Ecology and Evolution
Volume 4, Issue 7, pages 944–958, April 2014
How to Cite
Ecology and Evolution 2014; 4(7):944–958
- Issue published online: 7 APR 2014
- Article first published online: 25 FEB 2014
- Manuscript Accepted: 16 JAN 2014
- Manuscript Revised: 15 JAN 2014
- Manuscript Received: 23 JUL 2013
- European Community's Seventh Framework Program. Grant Number: FP7/2007-2013
- MULTISWARD. Grant Number: FP7-244983
- Functional diversity;
- imputation methods;
- LEDA database;
- missing data;
- plant functional trait
Functional trait databases are powerful tools in ecology, though most of them contain large amounts of missing values. The goal of this study was to test the effect of imputation methods on the evaluation of trait values at species level and on the subsequent calculation of functional diversity indices at community level using functional trait databases. Two simple imputation methods (average and median), two methods based on ecological hypotheses, and one multiple imputation method were tested using a large plant trait database, together with the influence of the percentage of missing data and differences between functional traits.
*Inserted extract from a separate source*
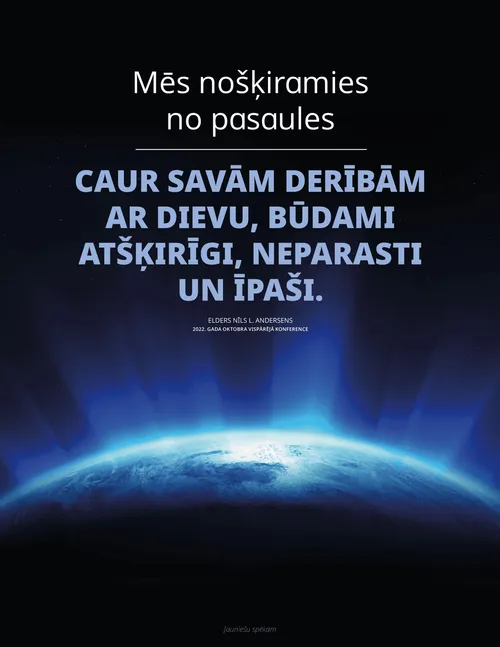 Andersena citāts uz plakāta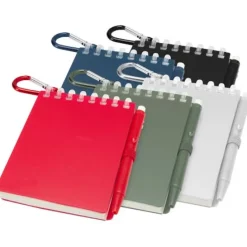 Lig Mini outdoorowy zestaw z notatnikiem w miękkiej okładce z tworzyw sztucznych pochodzących z recyklingu i długopisem (niebieski tusz) / Czerwony 10705121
At community level, the complete-case approach and three functional diversity indices calculated from grassland plant communities were included. At the species level, one of the methods based on ecological hypothesis was for all traits more accurate than imputation with average or median values, but the multiple imputation method was superior for most of the traits. The method based on functional proximity between species was the best method for traits with an unbalanced distribution, while the method based on the existence of relationships between traits was the best for traits with a balanced distribution. The ranking of the grassland communities for their functional diversity indices was not robust with the complete-case approach, even for low percentages of missing data. With the imputation methods based on ecological hypotheses, functional diversity indices could be computed with a maximum of 30% of missing data, without affecting the ranking between grassland communities. The multiple imputation method performed well, but not better than single imputation based on ecological hypothesis and adapted to the distribution of the trait values for the functional identity and range of the communities. Ecological studies using functional trait databases have to deal with missing data using imputation methods corresponding to their specific needs and making the most out of the information available in the databases. Within this framework, this study indicates the possibilities and limits of single imputation methods based on ecological hypothesis and concludes that they could be useful when studying the ranking of communities for their functional diversity indices.